Sigmond et al. (2008) examined the atmospheric circulation response to CO2 doubling in high-top and low-top versions of a global atmospheric model. The physical parameterizations in each version of the model were first tuned to produce the most realistic present-day simulation. They showed that the response of the low-top model to doubled CO2 is significantly different from that of the high-top model, and that this difference is most clearly attributed to the different setting of topographic gravity wave parameterizations in the two versions rather than the direct effect of the different model-top heights.

Charlton-Perez et al. (2013) used a somewhat different approach to this issue by surveying the stratospheric climate and variability simulations from a large number of different CMIP5 models and then looking among the models for systematic dependence on the height of their top boundaries. They showed that, although the mean stratospheric climate appears insensitive to the model-top height, the low-top models generally have very weak stratospheric variability on daily and interannual time scales. However, the lack of stratospheric variability did not appear to have any impact on the ability of the low-top models to reproduce past stratospheric temperature trends. Of course, there are clear limitations to such an approach as the effects of the different physical parameterizations used in each model cannot be removed (e.g., Manzini et al. 2014).

In this study we investigated the effects of the vertical representation of the middle atmosphere on both stratospheric and tropospheric circulation patterns in global model simulations. Our study used a single global atmospheric model framework [Model for Interdisciplinary Research on Climate Atmospheric General Circulation Model (MIROC-AGCM)] run with four different combinations of model-top heights and vertical resolutions. This allowed a systematic look at the effects of including both the stratosphere and mesosphere and an assessment of the degradation of the model simulation introduced by coarsening the stratospheric vertical resolution.
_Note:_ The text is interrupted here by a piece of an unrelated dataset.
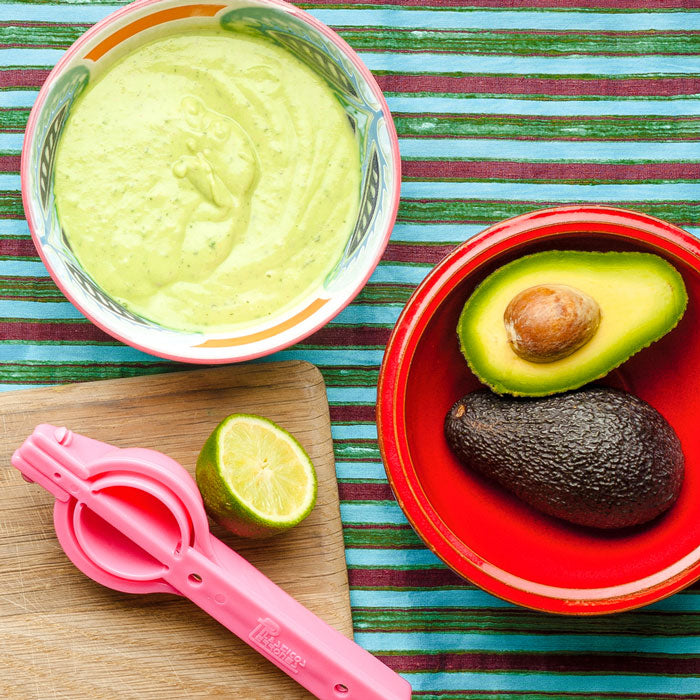 Avocado Salsa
The four simulations were conducted with constant horizontal resolutions, constant tropospheric vertical resolutions, and consistent physical subgrid processes in order to isolate as cleanly as possible the effects of the middle atmosphere on simulated tropospheric circulations. To emphasize, all of the parameters governing subgrid-scale process were the same for each version and not tuned separately for each resolution. It is notable that the fine-vertical-resolution versions of the MIROC-AGCM simulate a fairly realistic tropical stratospheric QBO (Kawatani et al. 2009, 2011, 2014) and the simulated QBO is one feature that is strongly dependent on the stratospheric vertical resolution. Experiments are conducted to examine more specifically the effects of the simulated QBO on other aspects of the model climate.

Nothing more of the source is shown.